Un recul majeur. Plusieurs associations de défense des consommateurs et confédérations syndicales dénoncent le rabotage prévisible de la future garantie universelle des loyers (GUL). Mesure phare du projet de loi pour l’accès au logement et un urbanisme rénové (ALUR) adopté en première lecture par le Parlement (1), la GUL pourrait être rendue facultative. C’est ce que prévoit l’amendement présenté par le gouvernement et adopté par la commission des affaires économiques de l’Assemblée nationale le 17 décembre en prévision de la deuxième lecture du projet de loi. Promise par François Hollande pendant la campagne présidentielle et annoncée dans le cadre du plan pluriannuel de lutte contre la pauvreté, la GUL devait permettre de sécuriser les rapports locatifs et éviter les phénomènes de discrimination à l’entrée dans le logement. Elle devait se substituer à la caution tout en offrant l’assurance aux propriétaires de percevoir les loyers en cas d’impayés.
Dans la version actuelle – qui doit encore être examinée en séance plénière à l’Assemblée nationale à partir du 14 janvier – la garantie des loyers ne serait plus obligatoire : les bailleurs pourraient choisir de conserver le système de la caution, qui avantage les locataires les plus aisés. « Un changement de taille », considère la Confédération nationale du logement (CNL) qui « fait la part belle aux bailleurs privés qui feront, seuls, le choix de recourir ou non au dispositif. In fine, les bailleurs continueront d’utiliser le mécanisme de la caution et la garantie universelle des loyers ne répondra pas à son objectif initial, favoriser l’accès au logement pour tous. » Par ailleurs, le loyer assuré ne serait plus le loyer réel – sauf pour les étudiants et les personnes précaires – mais déterminé selon un loyer médian local fixé par les préfets. « En limitant son indemnisation au seul loyer médian, la GUL circonscrit son attractivité pour les bailleurs […] qui seront dans l’obligation de souscrire une autre assurance de leur côté », déplore la confédération Consommation, logement et cadre de vie (CLCV). « Or qu’adviendra-t-il si cette dernière impose des conditions économiques quant au choix du locataire ? […] Les discriminations financières continueront d’exister et cette garantie ne permettra nullement d’y mettre fin. »
Enfin la garantie universelle des loyers ne serait plus alimentée par un prélèvement de 1 à 2 % du loyer, payé à parts égales entre propriétaires et locataires, mais par l’Etat en partie via Action logement (ex-1 % logement).
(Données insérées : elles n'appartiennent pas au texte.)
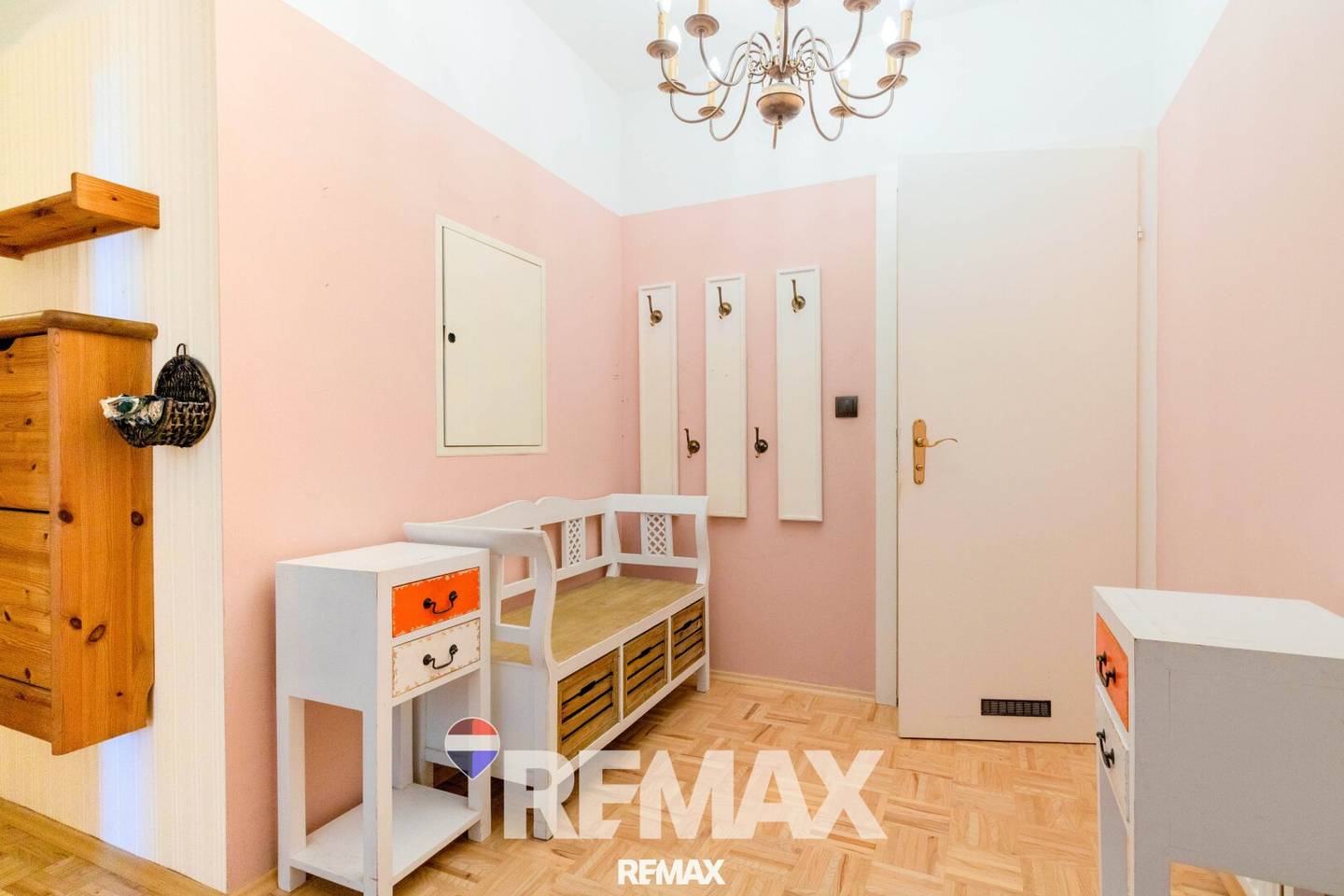 Living with green view – spacious 3-room apartment with sunny balcony in Kumberg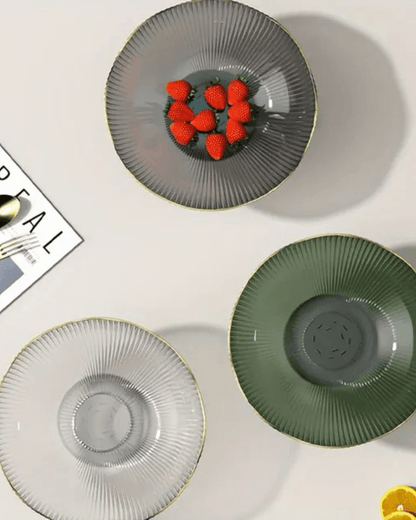 Stylish Fruit Bowl with Gold Detailing – Chic Design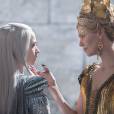 Emily Blunt et Charlize Theron dans Le Chasseur et la Reine des Glaces.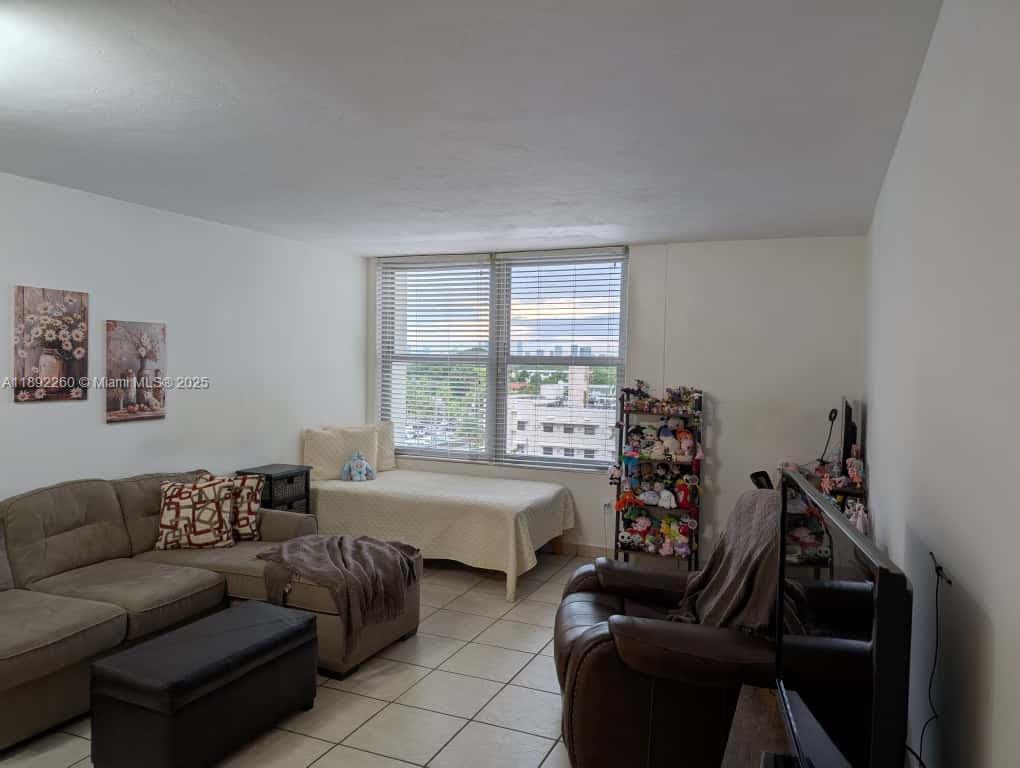 2899 Collins Avenue, Unit 736 Miami Beach, FL 33140 - Photo 13 of 19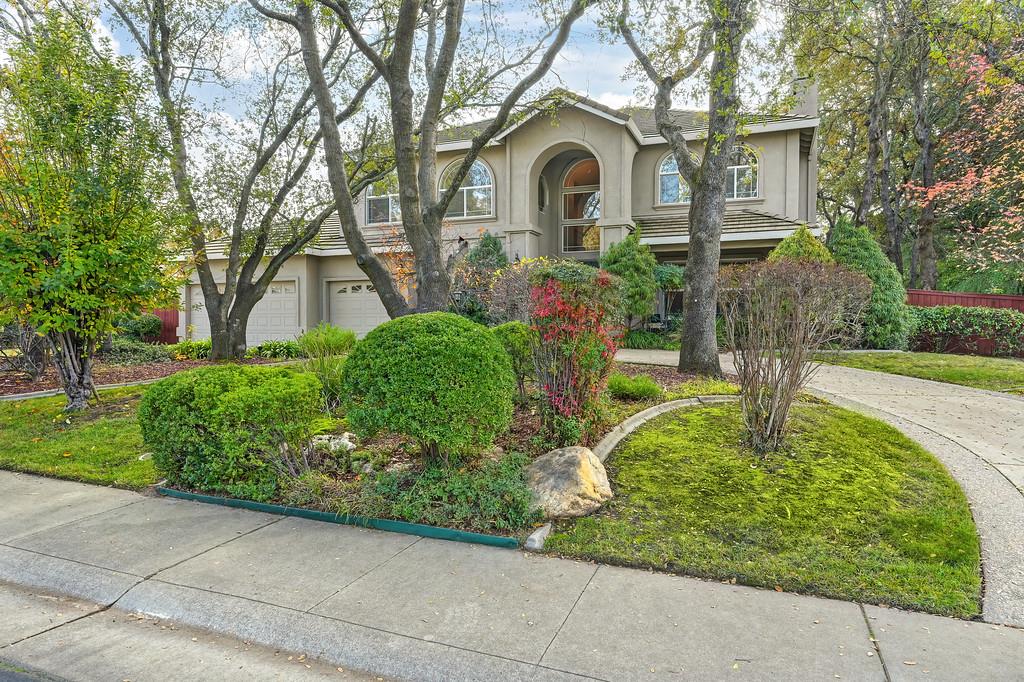 4310 Rolling Oaks Drive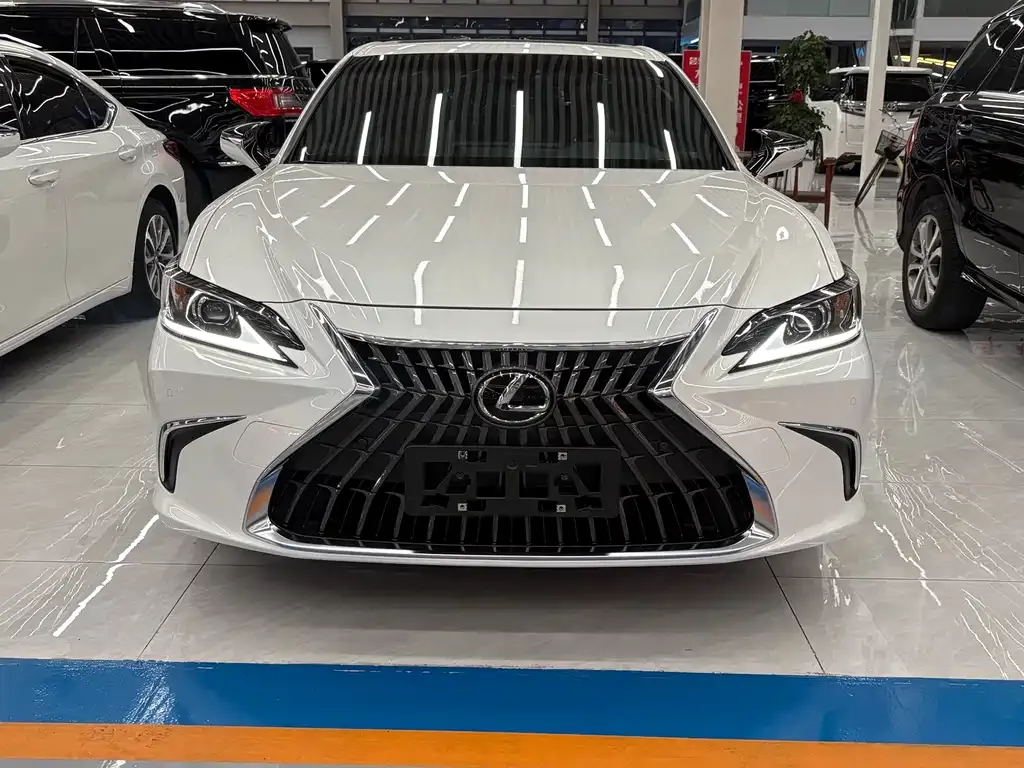 Lexus ES 2024 из CN, фото 1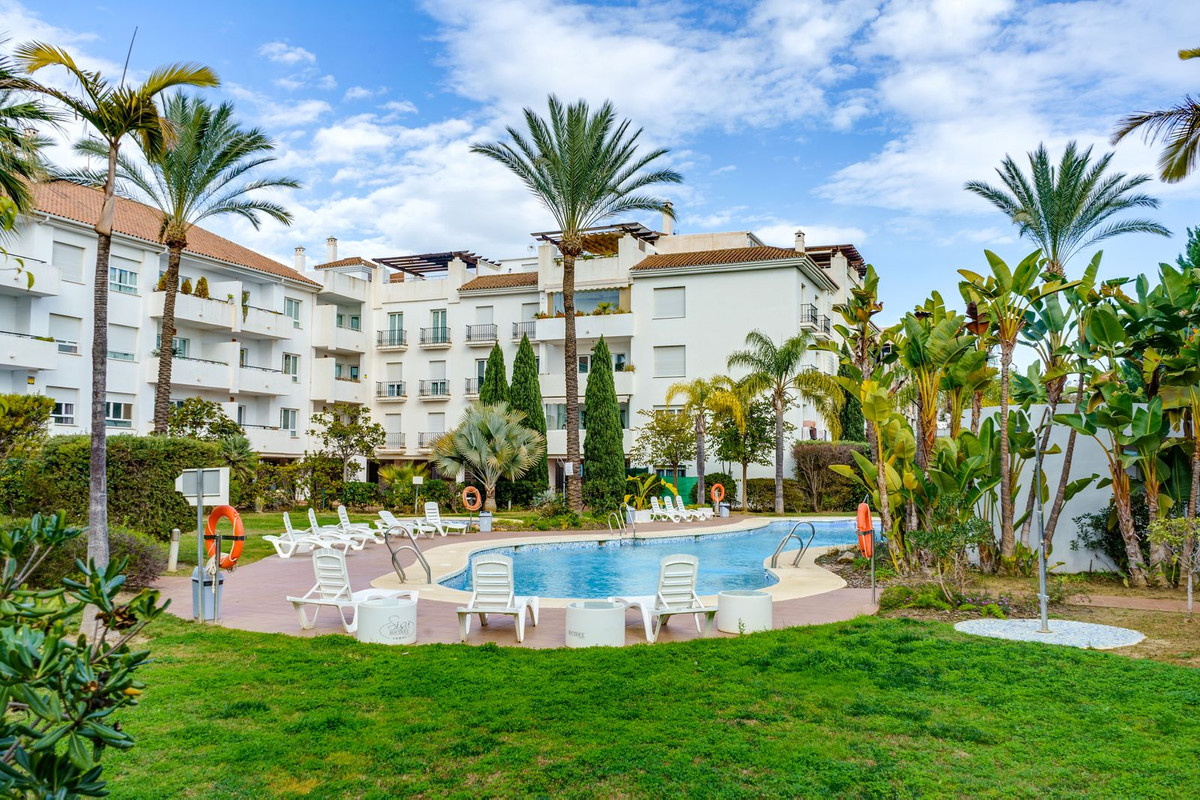 3 Bed Apartment for sale in Marbella Costa Del Sol, Málaga, Spain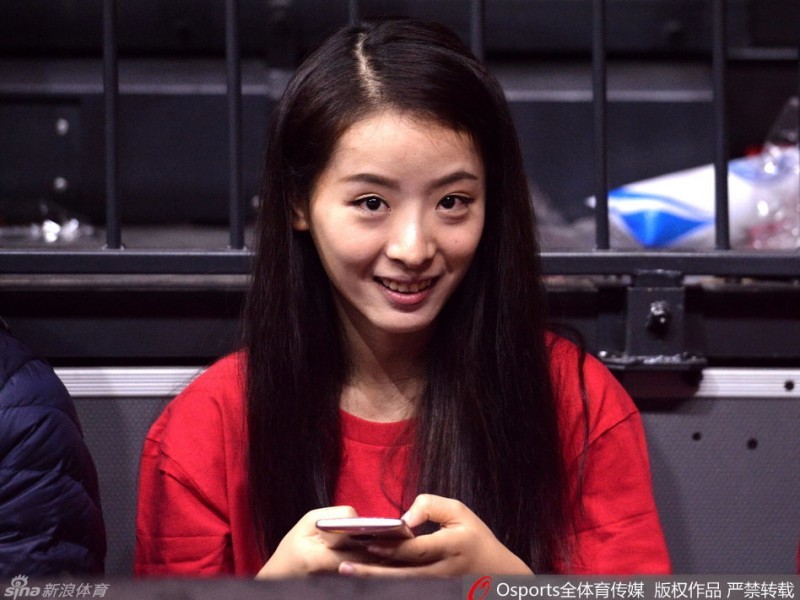 红山馆里最美的风景线 孙桐林爱妻与亚当斯女友场边助威记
Les cinq confédérations syndicales (CFDT, CGT, CFTC, FO, CFE-CGC) jugent « inadmissible que le financement ne repose que sur l’Etat et Action logement ». Elles réclament que les bailleurs participent au financement de la GUL et demandent la mise en place d’« un accompagnement adapté à la situation des locataires ». Au final, « Le projet de loi était courageux car, pour la première fois, on essayait de mettre en place une garantie universelle, obligatoire, pour aider les personnes les plus fragiles économiquement, à accéder à un logement », a déclaré à l’AFP David Rodrigues, juriste à la CLCV. Or, « la montagne va accoucher d’une souris et le mécanisme qui devait […] permettre une réelle mutualisation du risque locatif est tout simplement abandonné ».
(1) Voir ASH n° 2825 du 20-09-13, p. 20.
(2) La garantie universelle des loyers telle qu’elle était envisagée par le gouvernement initialement avait été critiquée par le Conseil d’analyse économique – Voir ASH n° 2831 du 1-11-13, p. 12.